Do LGBTQ People Really Need to Come Out?

Photo by Mercedes Mehling on Unsplash

I’m a member of the LGBTQ community, but I never came out.

And it’s not because I’m ashamed, or because I don’t know how to do it, or because I’m trying to gather the courage.

It’s because I don’t want to. I’m never going to come out to anyone.

I don’t believe that coming out is an essential to being part of the LGBTQ community. And as weird as it sounds, I have my reasons for feeling this way.

For a long time, when I was growing up, I thought I was bi-curious. Over time, as my narrative began to change and I welcomed my feelings for what they were, I found a label that I felt fit me best: bisexual. (You can read a previous article about my journey to identifying my bisexuality below.)

It wasn’t initially easy to accept my bisexuality, though. I was much more sexually attracted to women than romantically attracted to them, whereas with guys, I was highly sexually attracted to them and highly romantically attracted to them. My attraction to men did not parallel my attraction to women and vice versa. And although I was comfortable and even excited about being bisexual — I felt like the label fit me — I was still grappling with some uncertainty.

Over time, I discovered it was because my sexual orientation and my romantic orientation were not identical. Since then, I have been using the label “bisexual heteroromantic” to describe myself. Basically, it means that I am sexually attracted to more than one gender, but only romantically attracted to men (which means I only desire romantic or long-term relationships with men). Still, though, having that label doesn’t feel permanent. I have had romantic crushes on girls before, and likely will again. The sexual and romantic orientation that I feel most comfortable with right now may not be the same in a decade, and that’s OK. But that exemplifies my point: the concept of coming out can be discouraging for people who struggle to use permanent labels.
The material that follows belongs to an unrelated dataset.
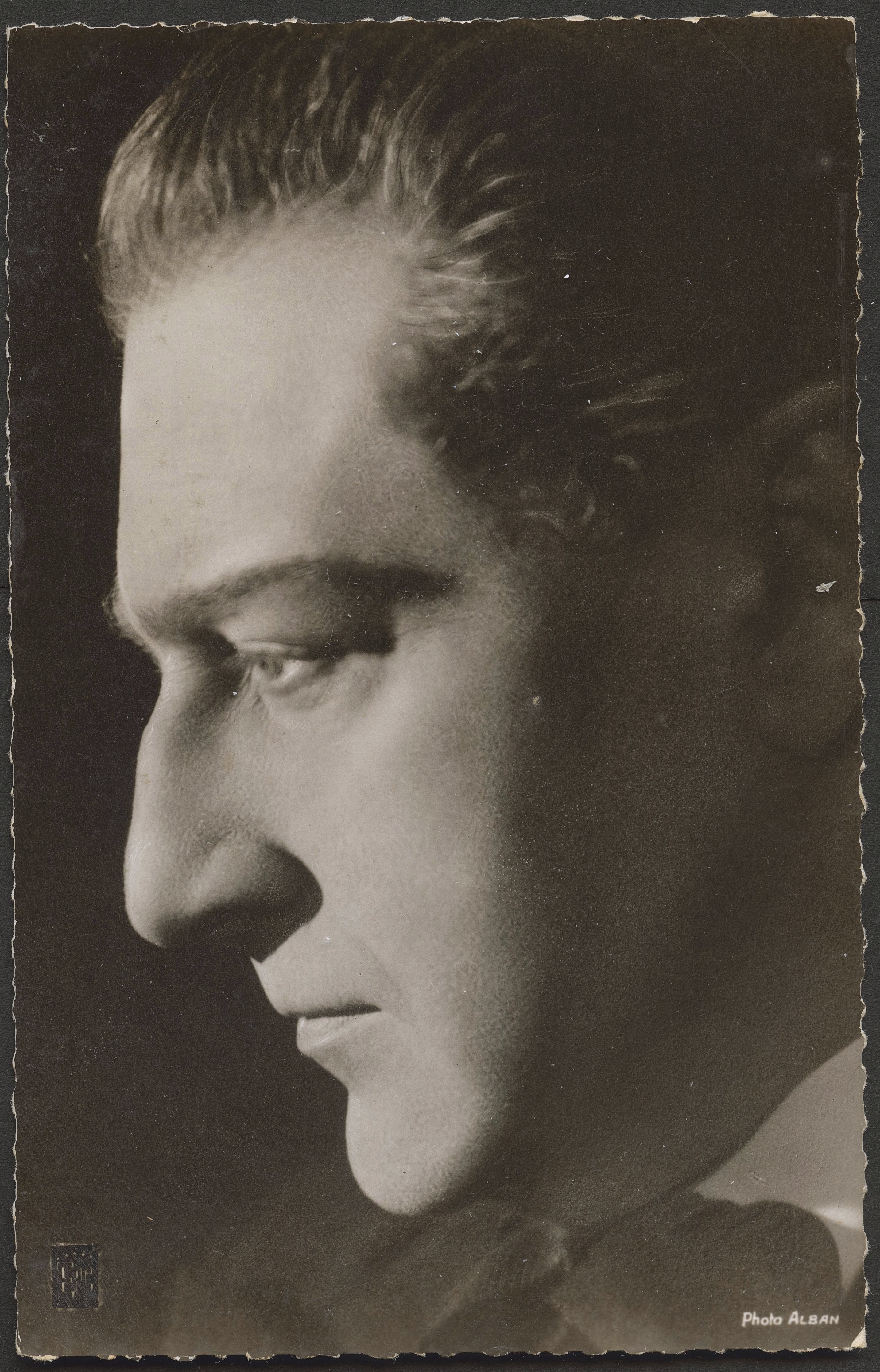 (image for) Sacha Guitry #0003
It’s possible that the label I currently feel is most representative of who I am — bisexual — could last me a lifetime, but it’s also possible that my heart will show me another way. Regardless, I want to be open to change, and the idea that my labels might change is a difficult concept to grasp — which is why coming out doesn’t feel right for me. If I experience change, then I’ll have to come out again with my new label and explain the fluidity of my sexuality, and the idea of that is incredibly daunting.

And secondly (perhaps the biggest reason why I choose not to come out): I don’t believe that coming out should be a necessity, because it’s a double standard. Straight people are not required to “come out” as straight because it’s the norm (even though it shouldn’t be the norm). You never hear a story of a straight person sitting their whole family down at the dinner table and saying, “Mom, Dad…I’m straight.”

The idea of coming out implies that anyone with a sexuality that is not straight has news that is worthy of breaking to a large audience of people; as if it’s something abnormal or earth-shattering. People assume other people’s heterosexuality until they come out and tell them otherwise, but heterosexuality should not be the standard assumption. We shouldn’t need to come out in order to discourage someone from thinking we’re straight, because there’s no “default” sexuality.

Of course, coming out is a wonderful experience for many people. It can be gratifying, liberating, and a great path towards acceptance and transparency between family members and friends. It can be celebratory, beautiful, and emotional. For some people, coming out is a huge step, and one that they feel is necessary and right for them. And to those people, I want to say: you have every right to feel empowered by the experience of coming out. I will always be supportive of that choice. Because I’m not against coming out. I think it’s an amazing choice, and an amazing experience; I just don’t think it should be the expectation, especially not by straight people.

At the end of the day, it’s up to the person themselves. Is coming out the right choice for them? Will it empower them and set them free? And if the answer is yes, that’s fantastic.

But for the other people who may still be wary, or who struggle to find a label that they feel permanently comfortable with, or who aren’t sure if they want to share their sexuality with others, that’s totally OK, too. I’m one of those people, and I know how it goes. But we need to remember: we don’t owe it to anyone to come out. It’s up to us and what’s best for us. And no matter what you decide to do, you are still queer. You are still valid. You are still worthy. Coming out (or not coming out) shouldn’t define your queerness.

I would love to see society accept the idea that heterosexuality isn’t the default. I’d love to see orientation-fluid people find more of a place in the LGBTQ community. I’d love to see us all come together and respect each other’s decisions.

We have to support each other.

And this is a really good place to start.